Currently, I am a little behind schedule. To remedy this, I plan on continuing to work on implementing the training infrastructure tomorrow and Monday. My goal is to start training the model by Tuesday. This way I will have sufficient time to (i) debug my model implementation and (ii) write data augmentations to artificially increase the amount of data.

Next week, I plan to have the model trained for a reasonable number of epochs to determine what optimizations I need to do on it for the best performance on the training dataset.

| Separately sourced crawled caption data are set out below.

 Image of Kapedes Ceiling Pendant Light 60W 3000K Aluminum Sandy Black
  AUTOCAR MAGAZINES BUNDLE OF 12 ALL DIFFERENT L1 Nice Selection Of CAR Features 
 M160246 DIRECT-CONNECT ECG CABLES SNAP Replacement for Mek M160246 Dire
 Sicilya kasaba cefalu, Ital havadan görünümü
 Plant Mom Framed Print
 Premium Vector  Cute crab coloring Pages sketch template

Teddy’s Status Report for 2/8

Most of the week was spend finding parts to purchase for the xy part of the robot gantry. Tried to keep costs low while not sacrificing too much in quality where it counts (e.g., spent more on the rods for guiding the movement of the end effector in the xy plane, since they needed to hold up to tighter tolerances).  Also had to do some small design changes to the 4xidraw design since our gantry will be significantly larger.  Additionally did some research on an adequate vacuum end-effector and possible ways that the gantry could have motion in the z-axis.

Link to the BOM for the xy part of the gantry is here: https://docs.google.com/spreadsheets/d/1N34-p-gZ5hg3E984jC0rKGtYfBRqveXMVGyWjgI6nZA/edit?usp=sharing

Plan for next week is to start designing the z-axis movement and the end effector, as well as to start 3D printing parts.

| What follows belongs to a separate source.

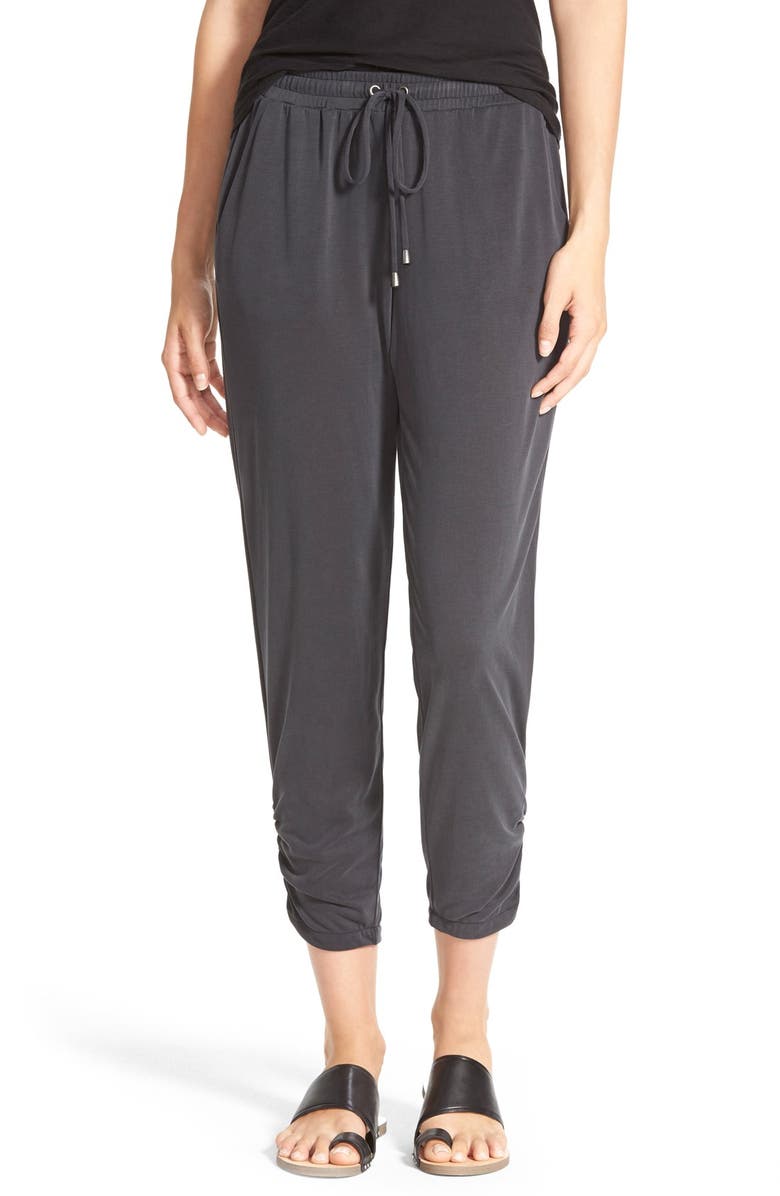 Splendid Ruched Crop Drawstring Pants, Main, color,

Currently everything is on schedule.

 

Alejandro’s Status Report for 2/8

The majority of my time this week was spent ensuring the web app’s front end was set up. This involved a considerable amount of research in terms of determining the tools that would be used to build the web app. In setting up the website, I determined that I’d be using Django as the main Python framework for setting up the web app. It utilizes the MVT architectural design, which should provide sufficient capability for the web app. This would also allow for future additions of more interactive features such as controlling and interacting with the robot or counting the number of categorized items in each category(metal, plastic, paper, garbage). I also spent some time experimenting with React but concluded that it is unnecessary for the website’s streaming purposes. I’ve gotten the web app to currently work on local host which is sufficient for our project needs at the moment.

For next week, I intend to complete the web app’s backend capability by having the video streaming component working.

Currently, everything is on schedule.

Ethan’s Status Report for 2/8

The majority of time this week was spent on two efforts: verifying that the ±5 pixel expectation of the machine learning model was both not too strict and not to lenient and determining if the Jetson Orin Nano has enough compute for our needs. While evaluating the ±5 pixel expectation, I searched for trash datasets on both Roboflow and Kaggle and eventually settled one on Roboflow that I really liked. After visualizing images from the dataset with their oriented bounding boxes, their centroid, and 5 pixel circle around their centroid, I see that 5 pixels is a robust expectation to have.  Regarding the compute of the Jetson Orin Nano, the specifications say that it has 1.28 GFLOPs and  medium-sized YOLOv8-OBB model needs 208.6 FLOPs.  Even with a FLOP efficiency of 20%, the Jetson Orin Nano should have more than compute to run the model and potential any other assistive processes that strength the centroid calculation process.

Next week, for the first part of the week, I have to investigate a little more time figuring out if fine-tuning existing YOLOv8-OBB models would be better in our use case as opposed to training one from scratch. Moreover, I want to finish preparing the dataset for our use case (e.g. making the background white for the images, making transformations that affect the lighting of the images, and etc.)

Currently, everything is on schedule.